After close to 50 years of gentrifying historically Black neighborhoods, the city of Portland has recently announced a new development that hopes to heal Portland’s relationship with its African American community.

Beginning in the 1960s, the Portland Development Commission bought and razed properties it considered “blighted” in North Portland’s Albina neighborhood – the heart of the African American business district.

By the early 1970s, the PDC’s surge of urban renewal projects peaked with the proposed Emanuel Hospital expansion in the Eliot neighborhood. While it never made it to fruition, the construction plans displaced over 170 predominantly Black families.

By then, over half of Eliot’s Black population was pushed out. 

A half a century later the development agency – now known as Prosper Portland, and sporting a new equity-building image – has teamed up with Legacy Health and the city of Portland to make good in the neighborhood it once demolished.

The collaborative project is the development of a long-vacant 1.7-acre site currently owned by Legacy Health and sitting adjacent to Legacy Emanuel Medical Center at North Russell Street and North Williams Avenue.

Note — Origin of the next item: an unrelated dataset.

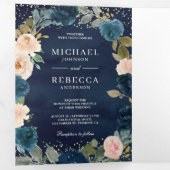 Navy Blue en Peach Floral Photo QR Code Weddenscha Drieluik Uitnodiging (Binnenzijde eerst)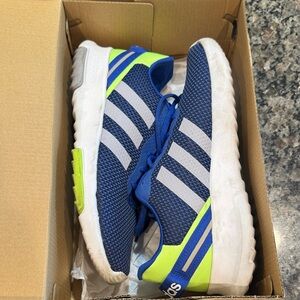 adidas Kids Blue & Neon Green Mesh Sneakers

“This development will benefit the community by helping to expand Legacy Emanuel’s mission of healing in this community,” says George J. Brown, Legacy Health president and CEO, in an official statement.

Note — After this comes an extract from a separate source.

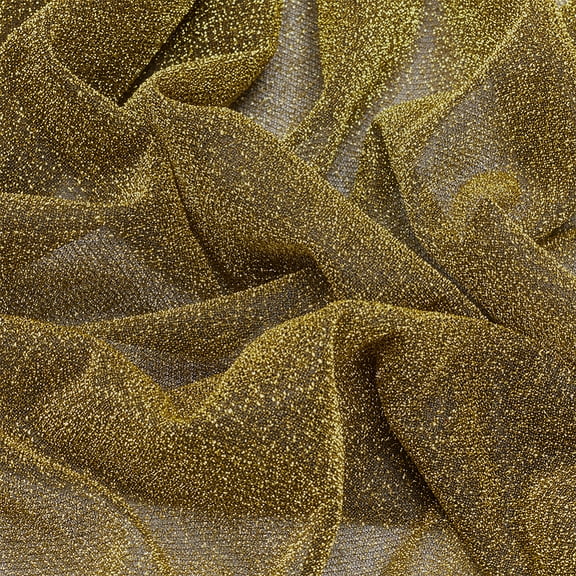 Dark Gold Glitter Tulle Fabric 1.74 X 1.16 Yards Glittering Tulle Netting Sparkling Metallic Fabric for Crafting Sewing Clothes Wedding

“It will also provide a new location for the spiritual center for what was once the center of Portland’s African American community,” he continued.

Plans for the development’s use are far from finalized, yet partners are promising a neighborhood addition that will both honor and serve Portland’s Black community.

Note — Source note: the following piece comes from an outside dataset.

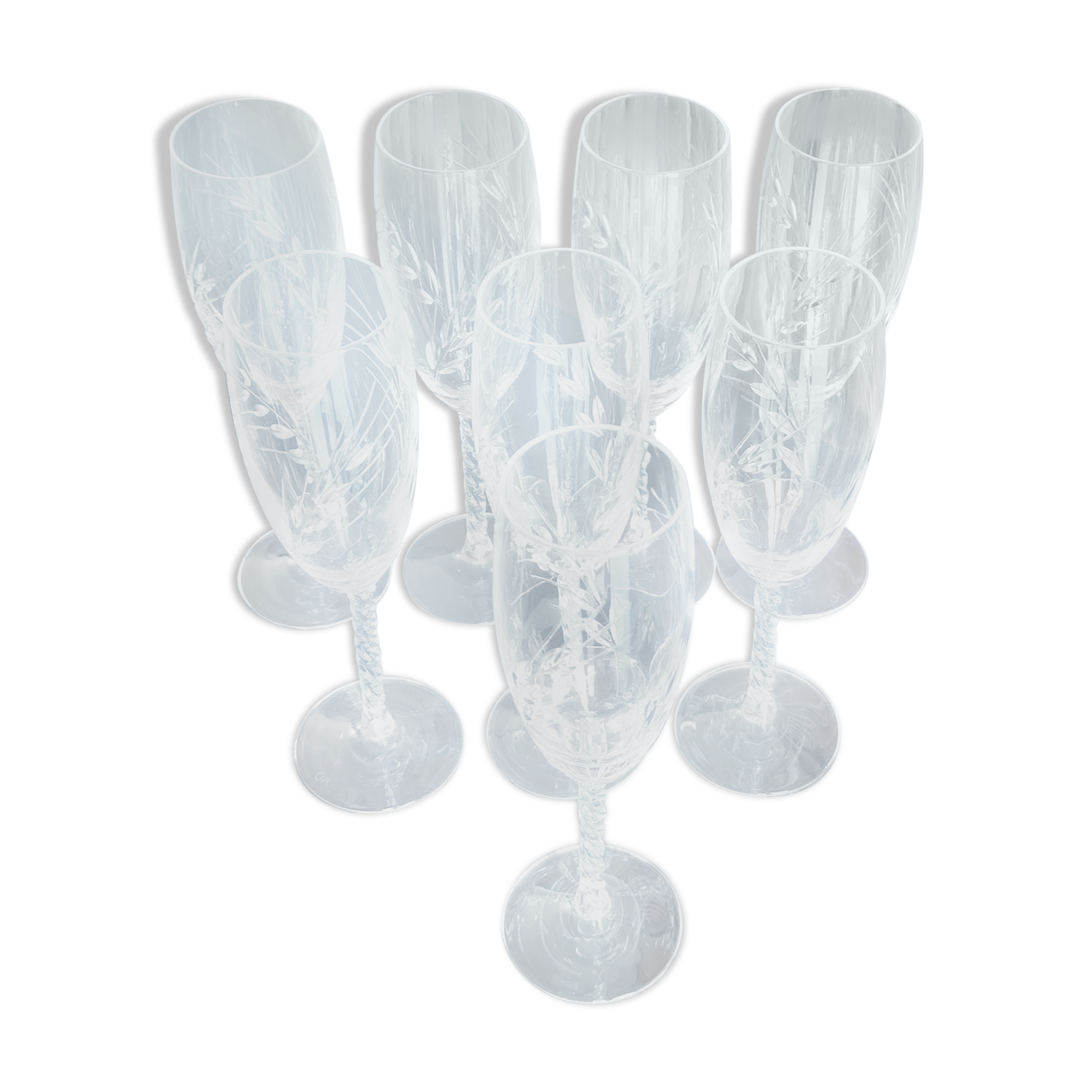 Lot 8 flûtes à champagne cristal taillé pied torsadé epis cristal d'arques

To date, they’ve confirmed the center will include medical care services – including a surgery center and patient and family housing – as well as affordable homes, community space, and a business hub for those most impacted by gentrification.

By fall of this year the partners will be forming a Project Working Group to help guide the vision. They’ll also be seeking input from community leaders and the public. Construction is slotted for 2019.

Stakeholders are adamant about not looking at the development as a means to atone for the damage that’s been done.

Rather, said Mayor Ted Wheeler at a press conference last week, “It is to make clear that whatever ultimately is built on those properties will be done in collaboration with the community and will include projects that serve and support the community.”

As the construction of luxury apartments in place of older properties in North and Northeast Portland shows no signs of stopping, the Legacy project follows  another initiative aimed at correcting rapid gentrification.

The 80-unit affordable housing project, called the Beatrice Marrow building, is currently under construction on NE Martin Luther King Jr Boulevard, between Cook and Ivy Streets.

The city-funded development makes use of the Portland Housing Bureau’s “preference policy,” which prioritizes rental homes for African Americans and family members who are from the neighborhood.

“We cannot make up for what was done in the past,” said Prosper Portland board commissioner  Dr. Alisha Moreland-Capuia of the Legacy site’s tumultuous history.

“The steadfast efforts of Prosper Portland to acknowledge the unfortunate past and commit to a more inclusive and equitable future is critical,” she continued. “The work ahead will require revisiting the past as a means of reconciliation and healing. We cannot revise history, but we must revisit and reconcile it.”